3) My first (and only) LX2

Not only these, but he donated about 50 or so smokes, Nub shirts, hats, matches, and all sorts of stuff for the Greysmoke Herf.

As most of you already know... Sam is a true BOTL.

Thank you so much for everything.


----------



## Cypress (Jun 27, 2007)

Nice pick ups.


----------



## Lighthouse (Sep 5, 2007)

Very nice looking sticks Rob.


----------



## MikeGates (Aug 22, 2008)

wow! Great looking sticks! Those custom ones are spectacular, enjoy!


----------



## Matt257 (Jan 3, 2008)

That is just awesome! Love the look of the custom nubs! Sam is top notch!


----------



## JonDot (Mar 7, 2008)

YOUR KILLIN' ME!!!!!I can't wait to get my my hands on 1 of those LX2's!:dribble:


----------



## maduro4me-cl (Jun 11, 2008)

Those are some sweet pick ups.


----------



## Fatmandu (Mar 18, 2008)

this PLUS the tubo?? Any you call ME a douchbag??? If you were a chick you'd be called a d___ tease!


----------



## eggwhites (Apr 20, 2008)

Wow, Sam is incredible. I can't wait to meet him on Saturday.


----------



## robisjebus (Feb 5, 2008)

Fatmandu said:


> Any you call ME a douchbag???


your not a douchebag... your my sweet taquito.

:helloooo:


----------



## Paint (Mar 1, 2008)

Nice looking gar there MR Rob!!!


----------



## xavier_chino (Apr 19, 2007)

Wow, very nice. those cigars are bad ass


----------



## big04deuce (May 16, 2008)

awesome pickup there!!!


----------



## svb (Jan 12, 2008)

Excellent...he is good peeps!


----------



## TravelingJ-cl (Jun 20, 2008)

Very sweet deal! Nice looking selection. Those are going to look good as collectors items ( =


----------



## Rah55 (Feb 13, 2008)

Maduro NUBS!!!!!! :whoohoo:


----------



## azpostal (Jul 12, 2008)

Nice picks


----------



## Mustang7302 (Apr 10, 2008)

Thats just awesome!


----------



## smokinj (Jan 16, 2008)

Sweet looking sticks! Sam rocks!!


----------



## ngetal (Jul 6, 2008)

great stuff! :dribble:


----------



## AdReNaLiN jUnKeE (Aug 19, 2008)

man i gotta go somewhere where sam is gonna be! what a pickup!


----------



## dravensghost (Sep 21, 2007)

oh that is soo cool
:dribble:
amazing stuff


----------



## CHRIS7891011 (Apr 1, 2007)

Great stuff! The herf was awesome too. Nice seeing you there brother.


----------



## tcampbel (Jan 20, 2008)

Those are some great looking smokes. A true botl. Enjoy those, they look tasty.


----------



## robisjebus (Feb 5, 2008)

CHRIS7891011 said:


> Great stuff! The herf was awesome too. Nice seeing you there brother.

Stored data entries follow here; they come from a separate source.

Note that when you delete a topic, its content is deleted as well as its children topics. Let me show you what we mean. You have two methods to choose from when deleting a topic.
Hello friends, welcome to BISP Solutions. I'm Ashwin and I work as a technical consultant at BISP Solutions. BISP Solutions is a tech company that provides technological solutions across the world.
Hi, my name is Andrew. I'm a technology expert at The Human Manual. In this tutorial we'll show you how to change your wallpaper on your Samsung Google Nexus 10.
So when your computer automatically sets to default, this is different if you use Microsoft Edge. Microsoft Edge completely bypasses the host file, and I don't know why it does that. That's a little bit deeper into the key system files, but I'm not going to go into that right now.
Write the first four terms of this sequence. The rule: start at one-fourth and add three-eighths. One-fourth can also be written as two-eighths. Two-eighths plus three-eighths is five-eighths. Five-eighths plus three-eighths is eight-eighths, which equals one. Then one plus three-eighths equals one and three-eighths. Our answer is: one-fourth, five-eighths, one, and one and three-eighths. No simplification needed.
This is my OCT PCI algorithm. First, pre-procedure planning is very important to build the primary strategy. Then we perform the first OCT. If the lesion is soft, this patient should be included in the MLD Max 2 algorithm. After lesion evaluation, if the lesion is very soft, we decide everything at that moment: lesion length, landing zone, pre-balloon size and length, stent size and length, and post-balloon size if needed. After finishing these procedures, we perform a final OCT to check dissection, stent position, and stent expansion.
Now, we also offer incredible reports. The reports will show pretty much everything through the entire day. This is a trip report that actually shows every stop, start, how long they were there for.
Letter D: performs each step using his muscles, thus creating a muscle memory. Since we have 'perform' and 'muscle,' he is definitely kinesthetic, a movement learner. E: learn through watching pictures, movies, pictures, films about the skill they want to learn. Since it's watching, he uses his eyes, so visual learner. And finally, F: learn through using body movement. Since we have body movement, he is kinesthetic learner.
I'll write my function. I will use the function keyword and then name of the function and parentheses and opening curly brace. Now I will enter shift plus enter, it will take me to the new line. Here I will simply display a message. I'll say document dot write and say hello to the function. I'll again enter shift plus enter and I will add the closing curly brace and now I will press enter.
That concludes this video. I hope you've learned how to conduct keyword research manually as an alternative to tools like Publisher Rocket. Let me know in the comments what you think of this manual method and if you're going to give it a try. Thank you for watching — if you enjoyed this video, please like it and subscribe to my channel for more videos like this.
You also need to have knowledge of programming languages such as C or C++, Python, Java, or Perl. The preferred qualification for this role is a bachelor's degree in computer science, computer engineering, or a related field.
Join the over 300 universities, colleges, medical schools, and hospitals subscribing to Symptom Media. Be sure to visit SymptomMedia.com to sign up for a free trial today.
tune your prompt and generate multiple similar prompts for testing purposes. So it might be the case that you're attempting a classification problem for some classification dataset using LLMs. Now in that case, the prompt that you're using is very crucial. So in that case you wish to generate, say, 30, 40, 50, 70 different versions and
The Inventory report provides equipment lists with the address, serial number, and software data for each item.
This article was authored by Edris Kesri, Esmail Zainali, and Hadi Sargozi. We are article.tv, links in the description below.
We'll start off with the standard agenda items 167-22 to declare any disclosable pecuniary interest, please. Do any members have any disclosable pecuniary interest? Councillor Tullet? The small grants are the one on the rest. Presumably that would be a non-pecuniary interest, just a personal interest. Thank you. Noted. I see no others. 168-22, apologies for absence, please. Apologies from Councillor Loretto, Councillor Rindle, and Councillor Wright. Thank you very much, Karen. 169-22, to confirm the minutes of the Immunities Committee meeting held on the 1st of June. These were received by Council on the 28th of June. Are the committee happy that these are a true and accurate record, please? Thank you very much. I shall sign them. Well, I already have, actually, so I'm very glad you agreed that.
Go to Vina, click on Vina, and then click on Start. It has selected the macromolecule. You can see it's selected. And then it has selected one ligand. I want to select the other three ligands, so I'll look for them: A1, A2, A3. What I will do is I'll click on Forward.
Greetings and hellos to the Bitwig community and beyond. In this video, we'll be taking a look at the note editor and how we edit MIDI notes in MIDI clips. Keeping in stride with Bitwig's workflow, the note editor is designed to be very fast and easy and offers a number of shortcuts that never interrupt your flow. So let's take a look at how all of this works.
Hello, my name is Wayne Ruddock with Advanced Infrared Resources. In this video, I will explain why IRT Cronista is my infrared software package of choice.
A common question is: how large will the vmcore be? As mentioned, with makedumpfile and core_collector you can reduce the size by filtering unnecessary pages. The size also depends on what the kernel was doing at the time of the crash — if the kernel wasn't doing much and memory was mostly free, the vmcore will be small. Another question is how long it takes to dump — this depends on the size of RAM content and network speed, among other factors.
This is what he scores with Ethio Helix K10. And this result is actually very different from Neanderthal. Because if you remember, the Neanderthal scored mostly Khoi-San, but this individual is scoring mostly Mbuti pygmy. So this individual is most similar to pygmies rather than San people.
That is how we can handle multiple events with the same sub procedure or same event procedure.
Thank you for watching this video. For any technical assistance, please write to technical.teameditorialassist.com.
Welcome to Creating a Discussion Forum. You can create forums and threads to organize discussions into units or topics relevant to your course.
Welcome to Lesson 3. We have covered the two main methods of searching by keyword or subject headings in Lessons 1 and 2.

it was great meeting you and your lady as well.

hopefully we'll see you guys soon.


----------



## karmaz00 (Dec 5, 2007)

good stuff


----------



## mdj65 (Jun 22, 2008)

Looks great!


----------



## ct2eng (Jun 17, 2008)

Nice sticks


----------



## luckyfitz13 (Apr 6, 2008)

Sam is a true giver of some classy enjoyment


----------



## EKGOTSKILLZZ (Jun 17, 2008)

nice ,,,,


----------



## happy1 (Jun 29, 2007)

Nice pickup Rob


----------



## DOZER (Sep 30, 2007)

Very cool!


----------



## ssuriano (Aug 24, 2008)

:dribble::dribble: that is all


----------



## marquelcg (Jul 19, 2008)

nice smokes man


----------



## amateurke (Mar 28, 2008)

Great looking sticks Rob!! :redface:


----------



## KaiSQ (Aug 4, 2008)

Nice choices.


----------